=== WHAT IS NEEDED ===
Please write out only the lines from the one containing "Logan Tartan Ghillie" through the last line of the listing. Do not include pictures.

------------------------------

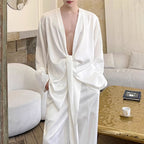 Silky Shiny Satin Tie Long-sleeved Shirt Casual Trousers Two-piece Suit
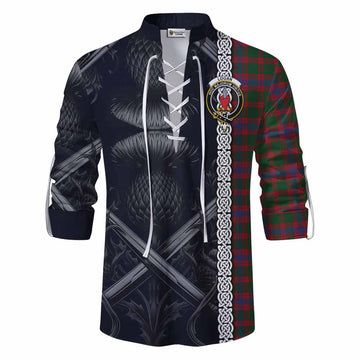 Logan Tartan Ghillie Kilt Shirt with Family Crest Cross Sword Thistle Celtic Vibes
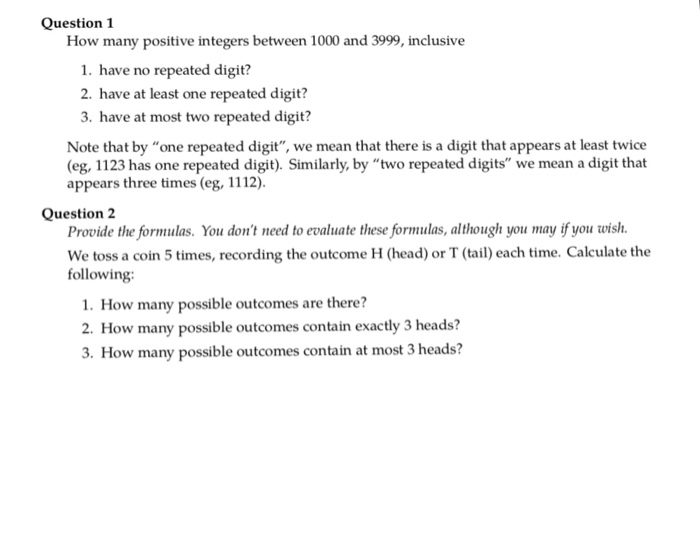 Solved Question1 How many positive integers between 1000 and | Chegg.com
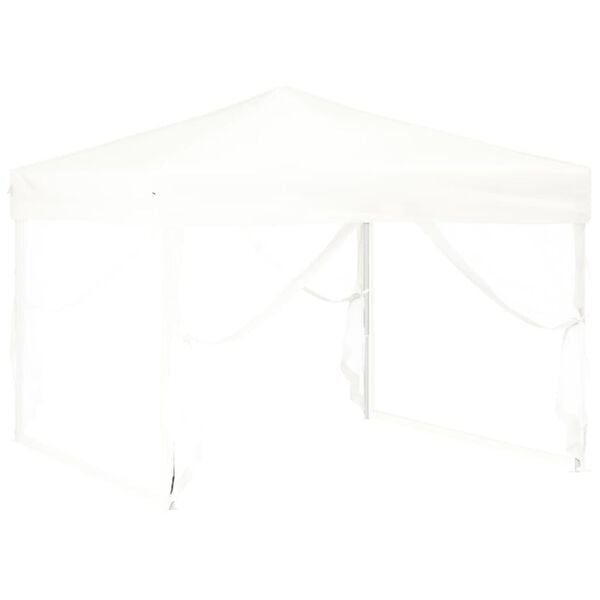 vidaXL Folding Party Tent with Sidewalls White 3x3 m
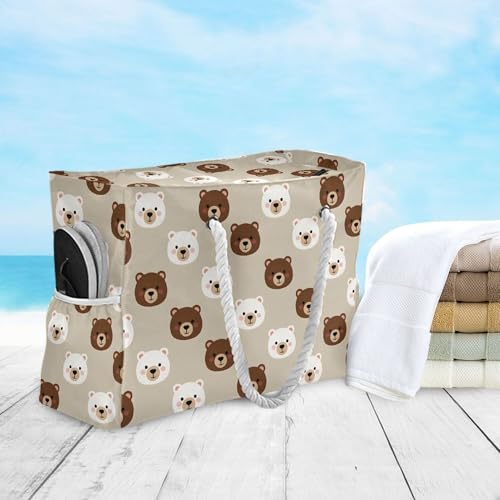MNSRUU Large Beach Bag for Women, Cute Bear Tote Travel Gym Swim Bag2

------------------------------

=== RESPONSE ===
 Logan Tartan Ghillie Kilt Shirt with Family Crest Cross Sword Thistle Celtic Vibes
 Solved Question1 How many positive integers between 1000 and | Chegg.com
 vidaXL Folding Party Tent with Sidewalls White 3x3 m
MNSRUU Large Beach Bag for Women, Cute Bear Tote Travel Gym Swim Bag2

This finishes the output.